We’ve been able to stay closer to our users. Not perfectly, and not always elegantly, but close enough that the core question remains: does this make the system more useful for the people actually doing the work?

That’s harder to maintain at scale, not because people don’t care, but because more voices, more incentives, and more internal structure change how decisions are made.

Ethics stay real when they’re operational

At some point, fast-growing companies face decisions where ethics and revenue don’t neatly align. Who you sell to, what you build, what you tolerate, these questions stop being abstract.

We’ve been able to say no. Not performatively, not loudly, but consistently. That includes decisions about which markets we’ll operate in and which we won’t.

I’m not sure we could have done that if we’d been answerable to external investors with a different set of priorities. Ethics that only exist as policy statements tend to erode under pressure; ethics that are built into ownership are harder to quietly abandon.

Customers feel the difference

One side effect of smaller scale is that customer relationships remain human.

Support doesn’t need to be optimised primarily for ticket deflection. Conversations can be longer. Context carries across years. Users aren’t just segments (SMB, mid-market, enterprise), they’re organisations with histories and constraints.

That doesn’t mean every interaction is perfect or every problem trivial. But it does mean users tend to feel that we’re on their side.

That’s harder to preserve as volume increases, not because people wish it away, but because efficiency pressures inevitably reshape behaviour.

Longevity is an underrated metric

In software, we talk a lot about growth, roadmaps, valuations, and exits. We talk far less about what it means to still be useful fifteen or twenty years in.

Longevity doesn’t happen by accident. It requires trust, restraint, and a willingness to evolve without losing coherence. It also requires accepting that “bigger” is not always the same as “better”.

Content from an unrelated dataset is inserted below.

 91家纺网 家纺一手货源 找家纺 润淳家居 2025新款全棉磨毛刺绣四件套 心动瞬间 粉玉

ResourceSpace is still here and still benefitting from continuous improvement and development. It’s still used by organisations who depend on it daily. Many of those organisations have been with us for many years, in some cases, nearly two decades.

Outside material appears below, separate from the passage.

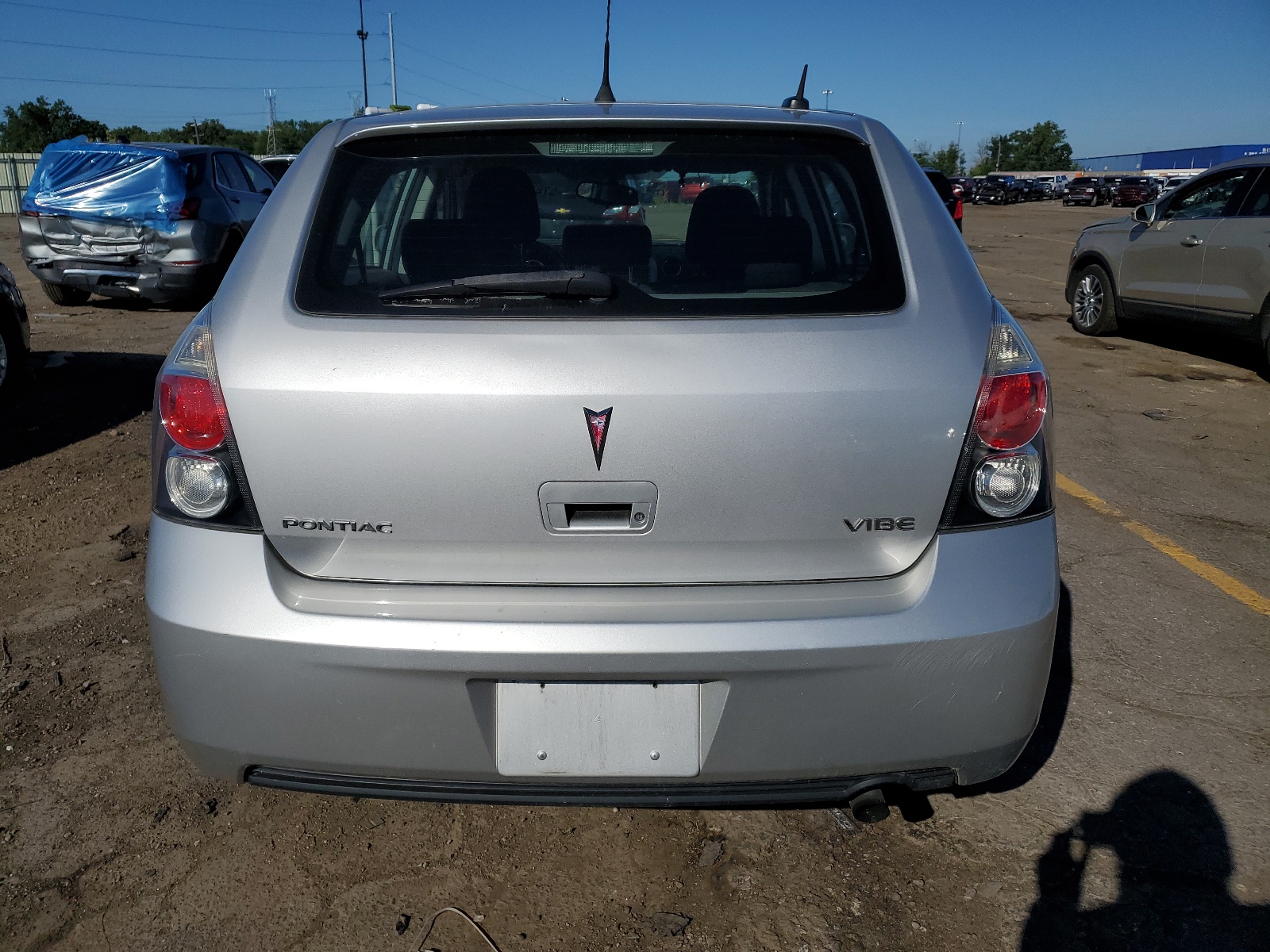 5Y2SP67039Z477799 2009 Pontiac Vibe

That doesn’t make us exceptional... but it does suggest that success has more than one shape.

Scale is a trade-off, not a destiny

None of this is an argument against ambition, growth, or building large platforms. Different paths suit different teams, markets, and moments in time.

But I do think the industry could benefit from a quieter counter-narrative: that it’s possible to build long-lived, meaningful software without chasing scale as the primary objective.

We didn’t set out to make that statement. We just made a series of choices that felt right at the time.

Looking back, I’m comfortable with them.